EXERCISE ->
Pictures are not part of the answer. Return the lines from the one containing "A Night Out" through the end of the data, both included, exactly as they appear.
◆ ◆ ◆ ◆ ◆
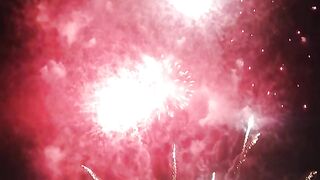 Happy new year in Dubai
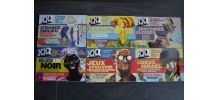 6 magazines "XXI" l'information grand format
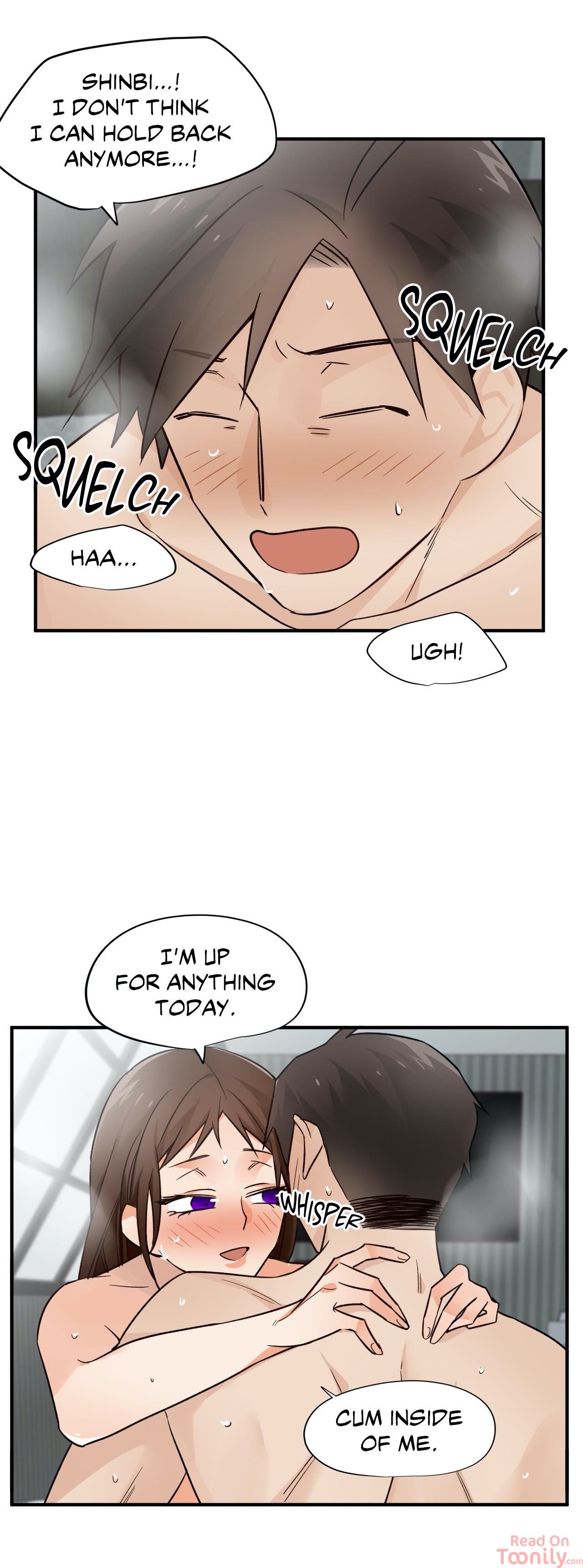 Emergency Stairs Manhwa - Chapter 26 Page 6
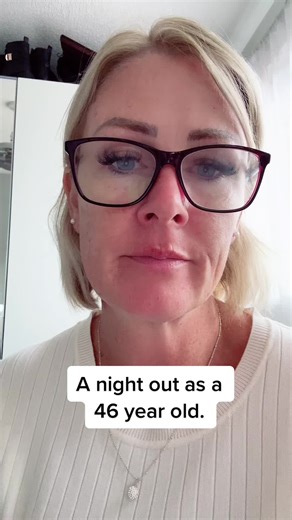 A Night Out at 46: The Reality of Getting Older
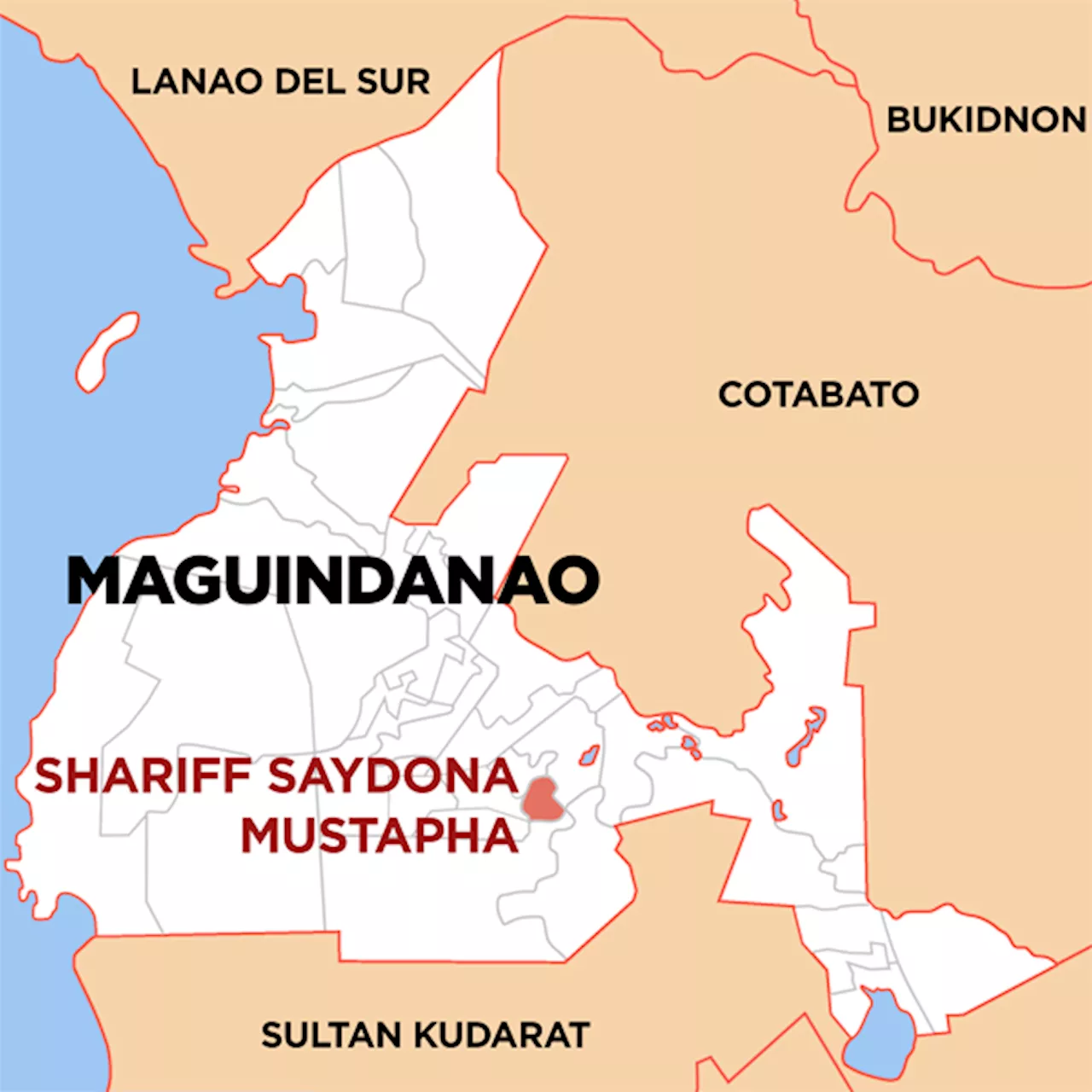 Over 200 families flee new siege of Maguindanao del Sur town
◆ ◆ ◆ ◆ ◆
TASK RESPONSE ->
 A Night Out at 46: The Reality of Getting Older
 Over 200 families flee new siege of Maguindanao del Sur town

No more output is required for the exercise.